Al finalizar el año todas las maestras reconocieron que Moisés y otros casos “difíciles”, habían cambiado paulatinamente. Alguno hasta lloró cuando anunciaron el final de las clases.
Otro contó que ante una rabia de su padre -acostumbrado a golpearle con palos, manguera, cables –le sugirió que respirara profundo y contara hasta 10, “como le dice la maestra”, y milagrosamente, ese día el padre no le pegó.
La madre de Moisés también ha hecho cambios, ahora le está leyendo cuentos los fines de semana.

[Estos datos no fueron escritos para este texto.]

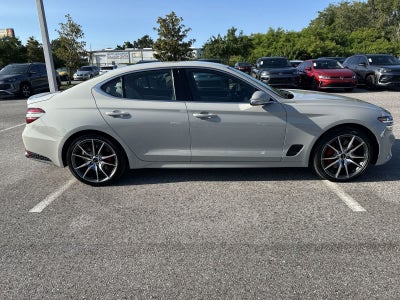 Genesis G70 2.5T de 2025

Las “flores de loto” son esas maravillas de la naturaleza que crecen en medio de pantanos –o sea, en condiciones adversas-. Eso son esos niños y esas maestras heroicas: oasis en medio de desiertos, la capacidad de renacer.
En el Día del Niño, no se nos olvidan los niños ausentes, esos que han muerto antes de tiempo, pero nos dejamos sorprender por estos relatos de la vida real.
Malala, la joven paquistaní líder mundial de los derechos de los niños, dijo el 12 de julio en la ONU que un lápiz, una escuela, pueden cambiar el mundo. Malala tiene razón. No sé si Mary, Eva y sus compañeras maestras están cambiando en el mundo, pero se están cambiándola vida de sus alumnos.